For the reader’s knowledge, here is a breakdown of a body condition score – for horses – and the “Minimum Standards of Care” for equines in Maryland. A body condition score is essentially what it sounds like: an evaluation of the body and its condition. By evaluating eight parts of the horse – withers, hips, and ribs to name a few – a total score is put together and averaged. On a healthy horse, you won’t see their ribs or hips protruding from their bodies. Vice versa, you won’t look at a healthy horse and see nothing but a ball on legs. The body condition score runs from a 1 to a 9. One is essentially skin stretched over bones. By contrast, a nine is a ball of fat. Ideally, a healthy horse is right around a five.

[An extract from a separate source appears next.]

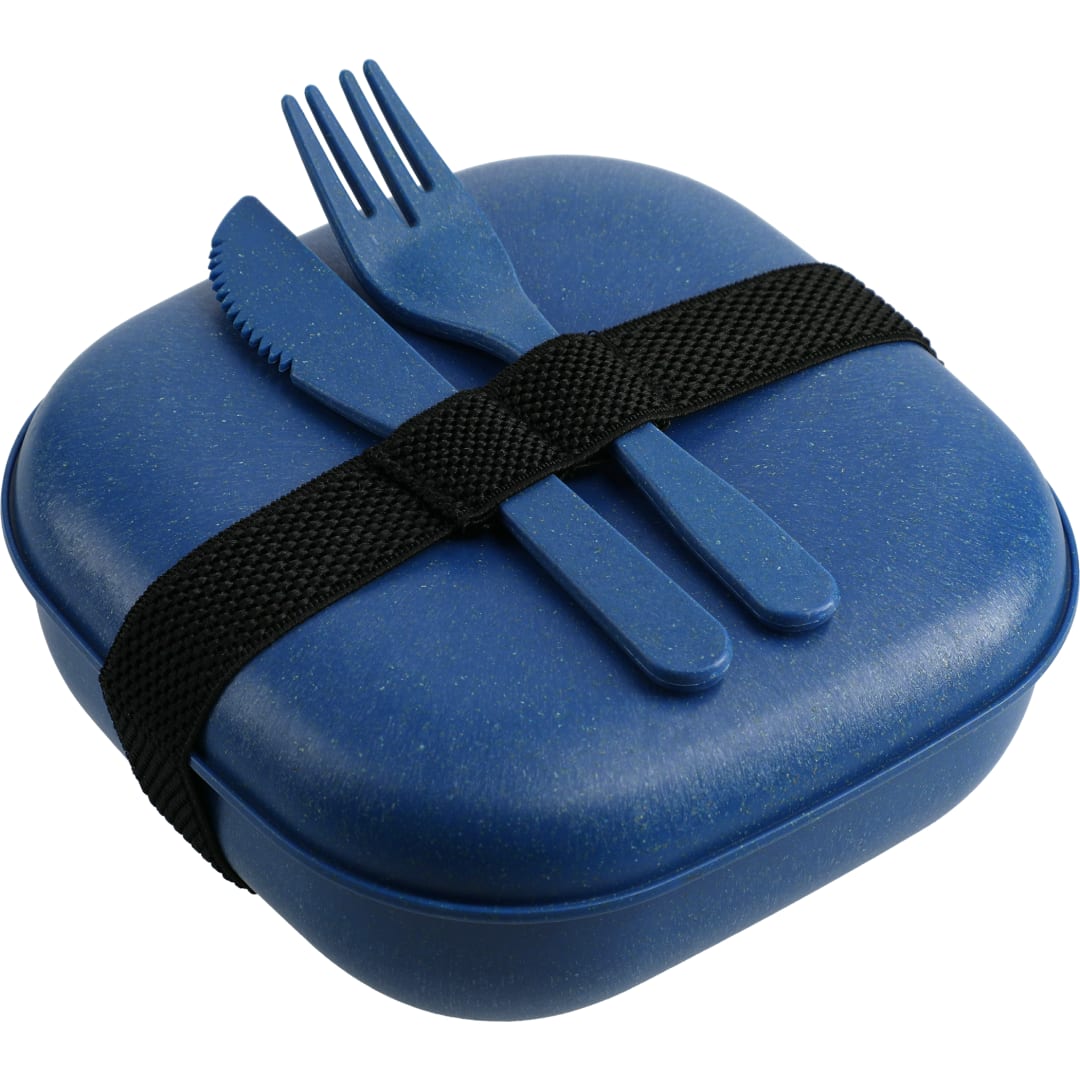Wheat Straw Food Storage with Utensils - SM-2226 Blue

The “Minimum Standards of Care” set for Maryland requires very basic things that any living being requires: space, water, food, air, and shelter. Water, shelter, and food are self-explanatory on this list. Space and air we might not think about so much; but what would you do if you couldn’t breathe fresh air every day? What if you were confined to your dorm room and had no space to move around in?

Local rescues include DEFHR, Lost and Found Horse Rescue, and Gentle Giants Draft Horse Rescue (no, these horses are not drafts, but there are so many that even a draft-specific rescue has taken a few). By DEFHR’s estimates alone, it will take $1 million to care for the horses for six months. Thanks to expert care, the horses are getting back on the right track, but they’re not out of the woods yet. Hopefully one day all of them will be adopted into the loving homes they deserve.